------ RECORDS SUPPLIED ------

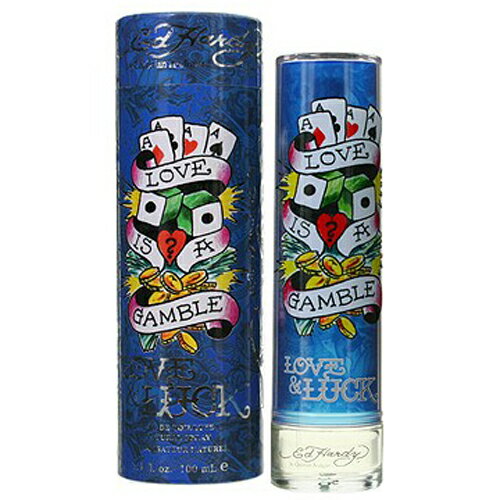 エドハーディ ED HARDY ラブ＆ラック メンズ EDT SP 100ml ED HARDY メンズ 香水 フレグランス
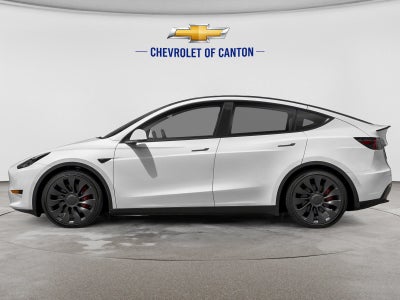 2023 Tesla Model Y Long Range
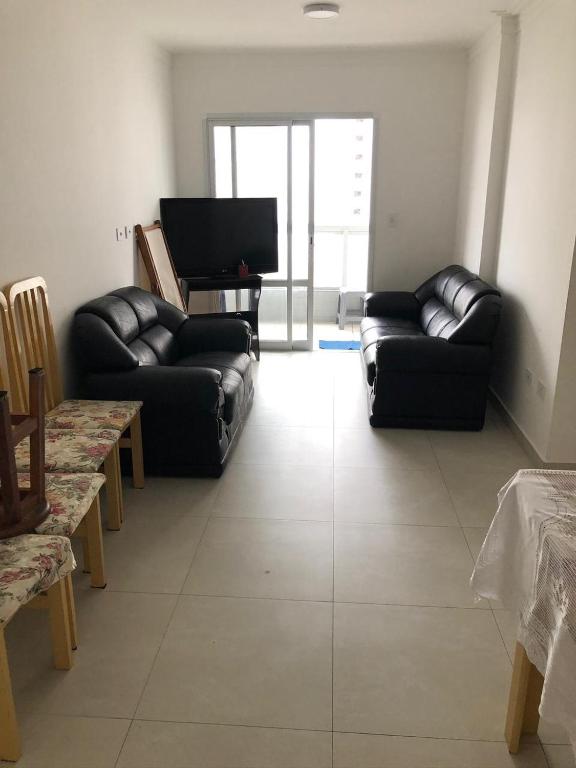  APTO EM FRENTE A PRAIA 02 DORMS PRAIA GRANDE -BOQUEIRÃO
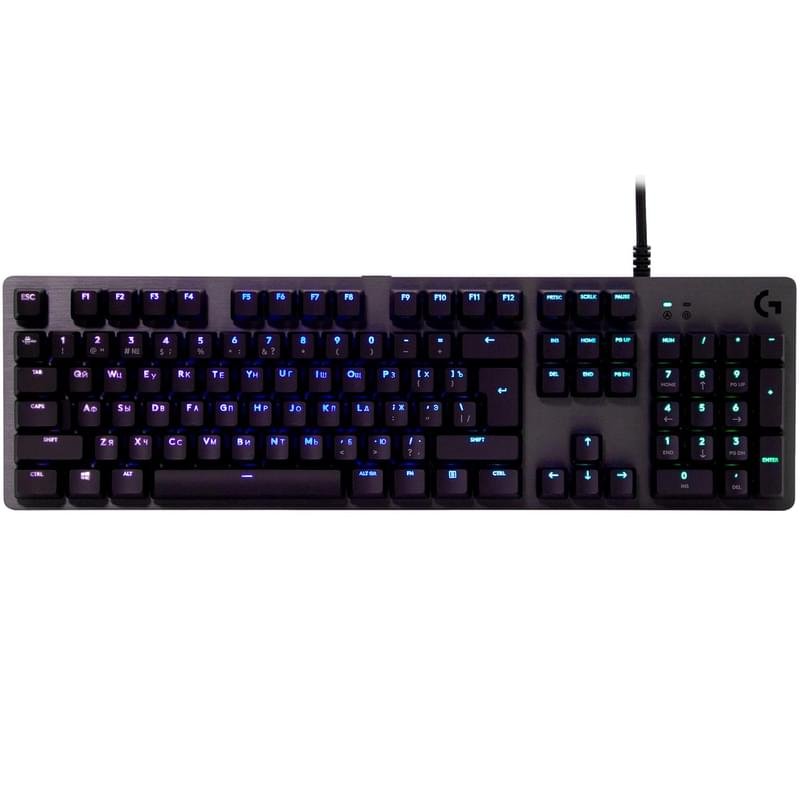 Игровая клавиатура Logitech G512 Carbon, GX Brown (920-009351) - фото #0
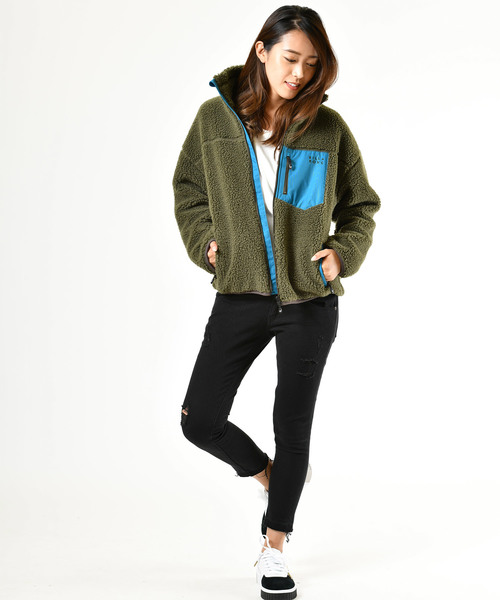 BILLABONG（ビラボン）の「BILLA BONG/ビラボン AJ014-756 ボア 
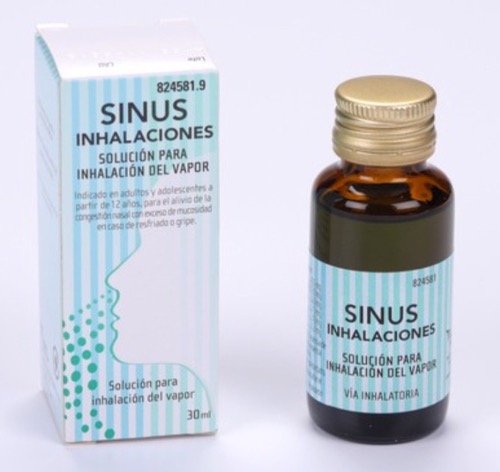 Sinus Inhalaciones Solución Nasal 30ml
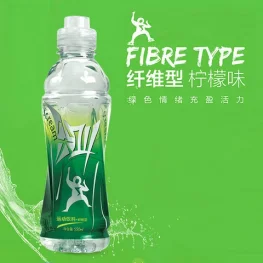 尖叫 纤维型 运动饮料 柠檬味 550ML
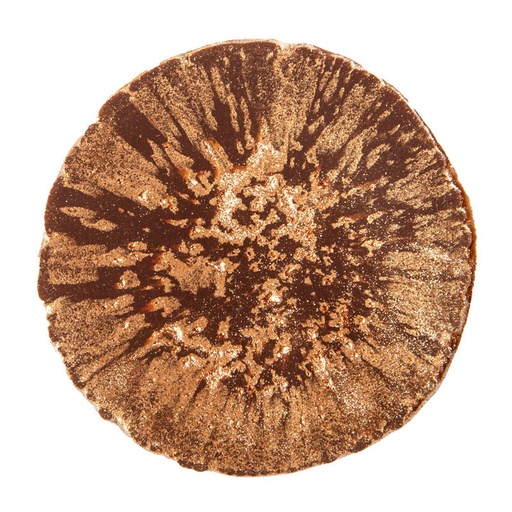 [08063348] 1034766 PLAQUETTE GOLDCLASH CHOCOLAT AU LAIT 4CM 100PCES (=2034766)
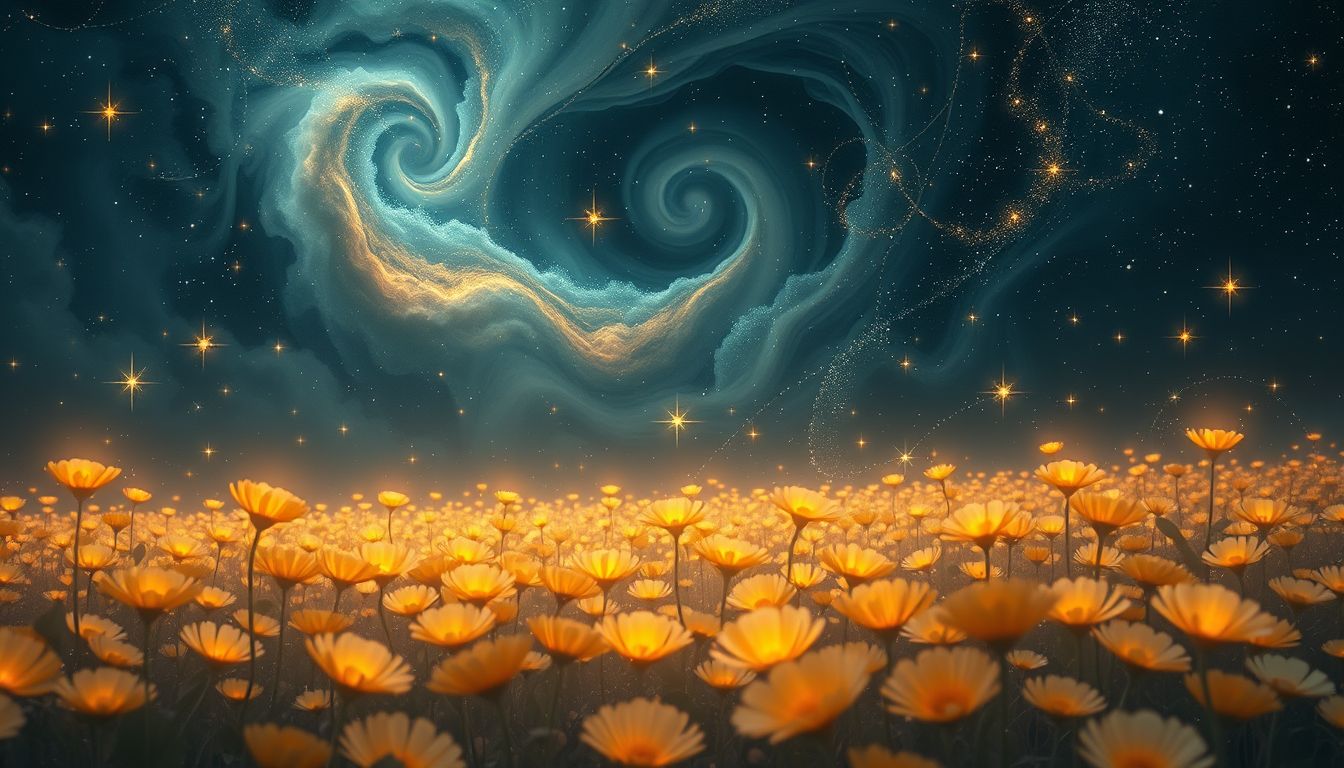 Sumpf-Ringelblumen symbolisieren im Traum Heilung und innere Reinigung.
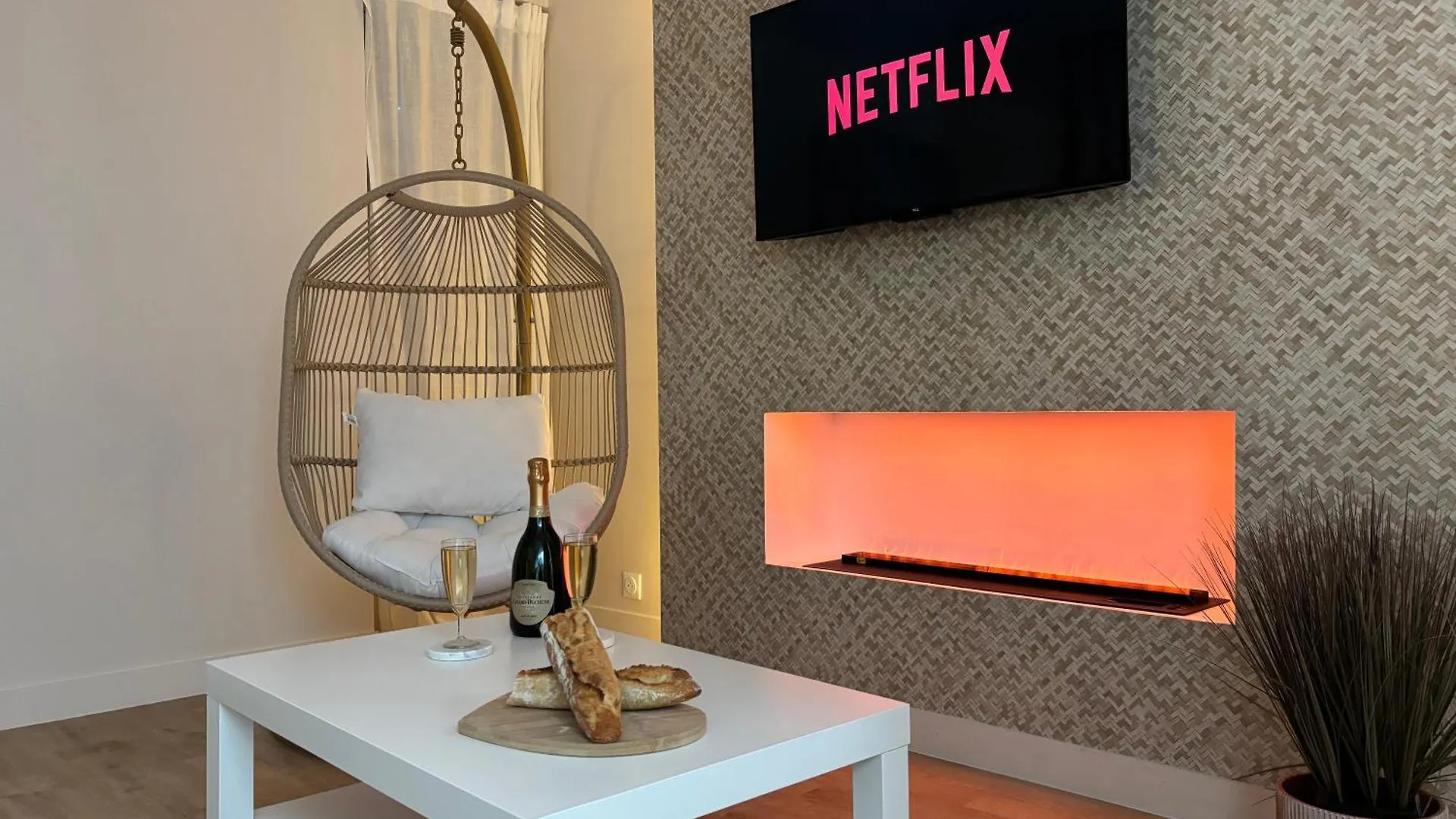 Apartman Suite Banjar-Luxe,Balneo & Sauna Saint-Aubin-d'Aubigne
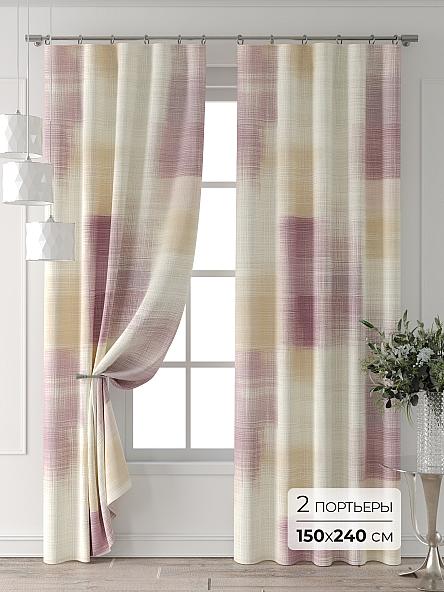 Комплект штор Форнерс - 668 - 240 см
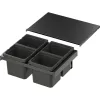 VS ENVI Flex XS-216 hulladékgyűjtő KB 600 mm 4 x 6 Liter láva
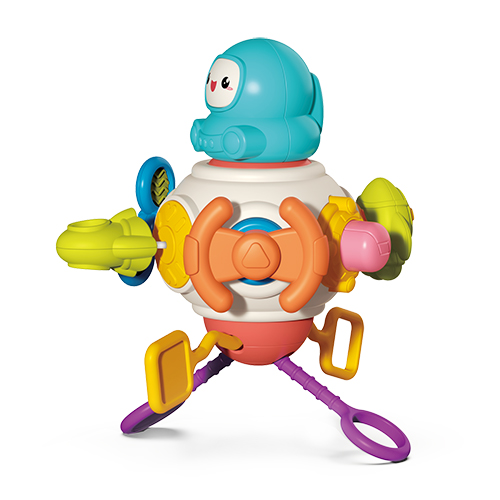 BABYONO Giocattolo sensoriale Astronauta 18m+ - immagine 3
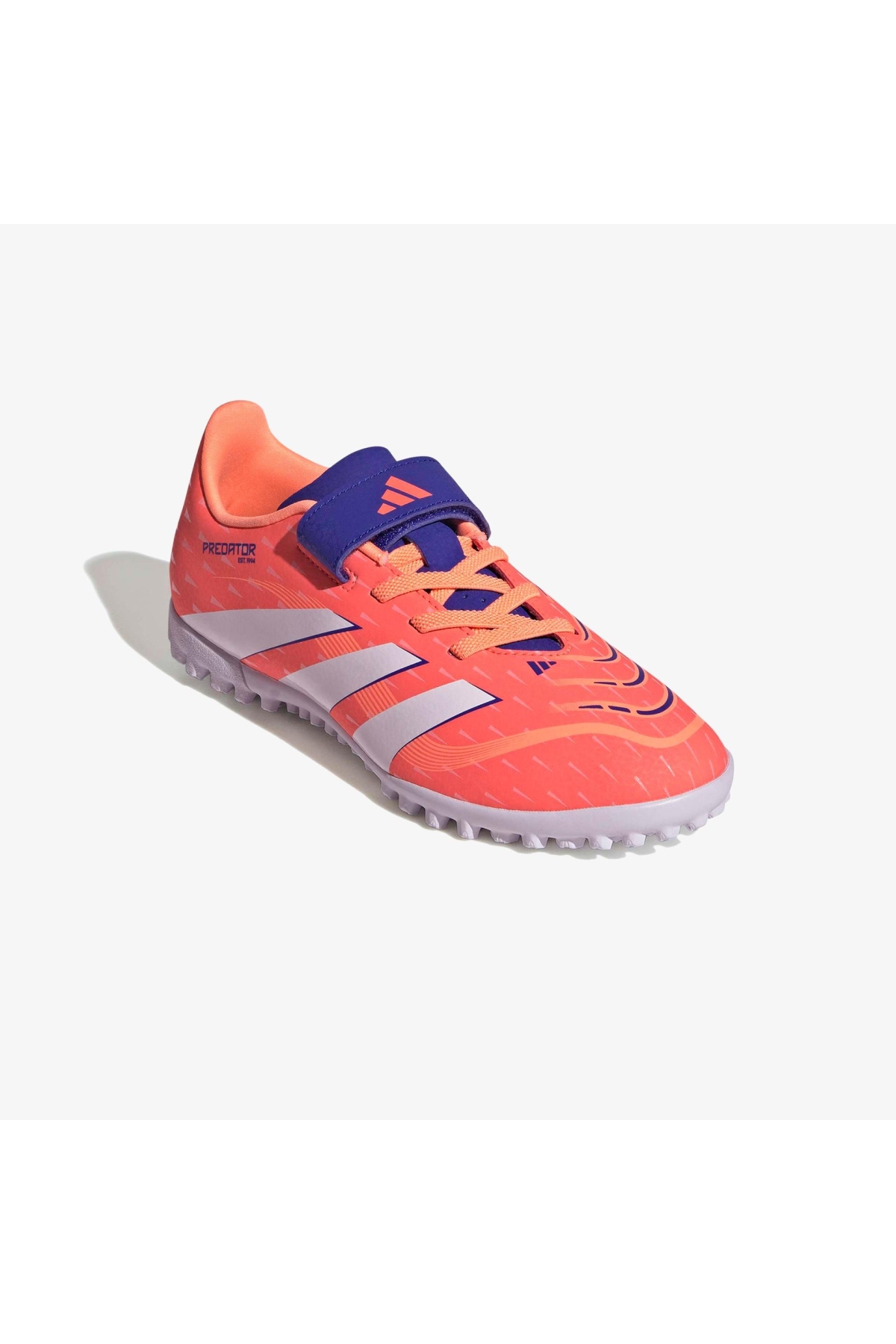 Adidas Adidas Beyaz JH8864 Predator Club Tf J Çocuk Halı Saha Ayakkabısı Sneaker | Flo Beyaz - 3. görsel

------

YOUR ASSIGNMENT :: Copy exactly what appears from the line holding "VS ENVI Flex" to the end of the material, keeping both end lines. Pictures are not part of the copy.

RESPONSE AREA ::
 VS ENVI Flex XS-216 hulladékgyűjtő KB 600 mm 4 x 6 Liter láva
 BABYONO Giocattolo sensoriale Astronauta 18m+ - immagine 3
 Adidas Adidas Beyaz JH8864 Predator Club Tf J Çocuk Halı Saha Ayakkabısı Sneaker | Flo Beyaz - 3. görsel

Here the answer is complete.